The new combination of computing infrastructure and software solutions enabled the IRS to quickly and easily implement AI and machine learning at scale. With Cloudera running on NVIDIA GPUs, workloads immediately ran up to 5X faster with no code changes. But there was still room for improvement.
Cloudera called on a team of NVIDIA data scientists to examine the IRS code. They determined that a few tasks with particularly complex data structures were still running on CPUs. NVIDIA wrote new code to handle those jobs and inserted it into Spark’s software interface for NVIDIA RAPIDS™, the open library for running data analytics on GPUs.
When the IRS team ran the new code on GPUs in a distributed Spark cluster, they experienced a remarkable speedup of 20X.

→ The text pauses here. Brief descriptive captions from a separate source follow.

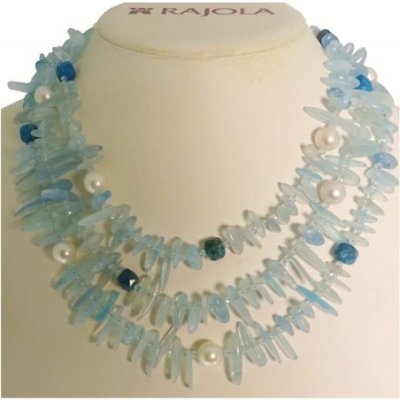Rajola - Collana Di 3 Fili - Oro - Acquamarina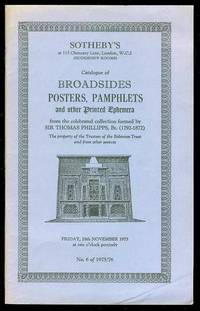 Catalogue of Broadsides, Posters, Pamphlets and Other Printed Ephemera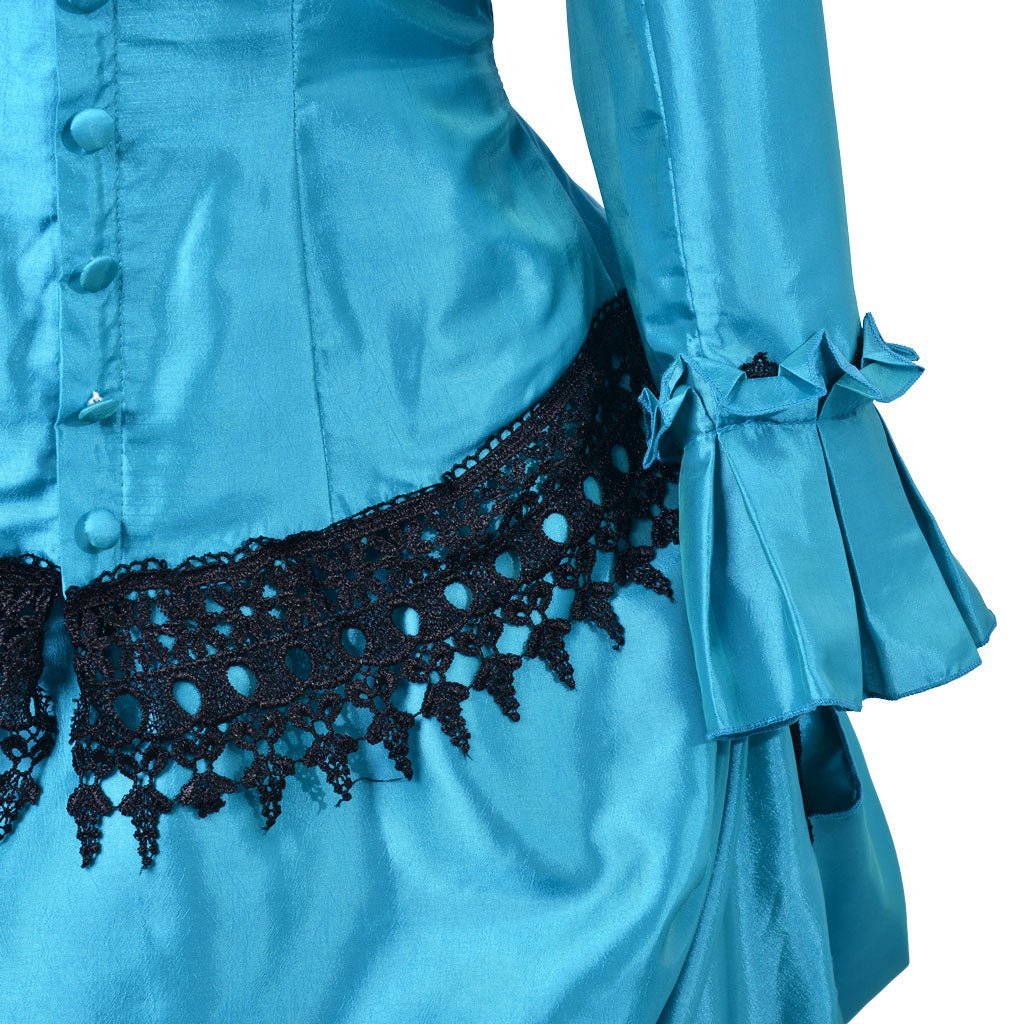 Victorian 1860s Blue Bustle Ball Gown - British Aristocratic Walking Dress | Astricos-Astricos
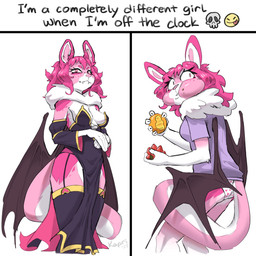 bat_wings caught_in_the_act chewing eating emoji female food fruit humor looking_back membrane_(anatomy) membranous_wings plant strawberry text wings kapri domino's_employee_before_and_after bat mammal 1:1 absurd_res hi_res meme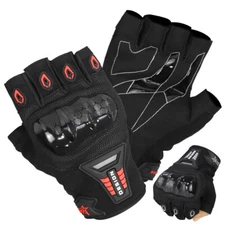 Fingerless Driving Motorcycle Biker Gloves Cycling Biking Mens Breathable Gloves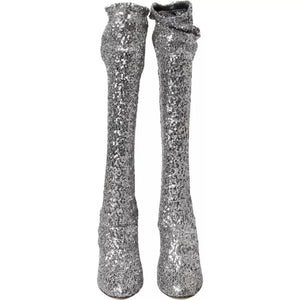 Silberne paillettenbesetzte hohe Stiefel Stretch Schuhe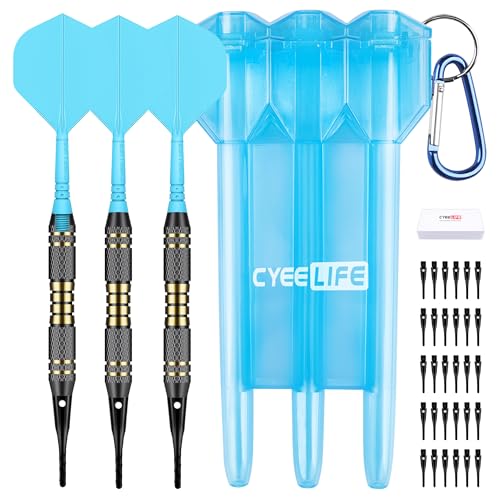 CyeeLife Dartpfeile mit Kunststoffspitze, Dart Pfeile Set, 3 Stück Dartpfeile Plastik für Elektronische Dartscheibe mit 30pcs Softdart Spitzen und Aufbewahrungsbox,18 Gramm Profi Softdarts dartpfeil von CyeeLife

By developing workloads that use Apache Spark and graph analysis, engineering teams created immense graphs with nodes and edges. With AI bots and machine learning algorithms analyzing graphs, investigators were able to connect individuals to institutions and, subsequently, to larger entities spanning years and decades. These insights helped to quickly expose patterns that indicated fraud.
The same datasets that used to take weeks or months to stitch together and process now take only hours or minutes. Testing revealed a 10X improvement in engineering and data science workflows with a 50 percent reduction in infrastructure costs.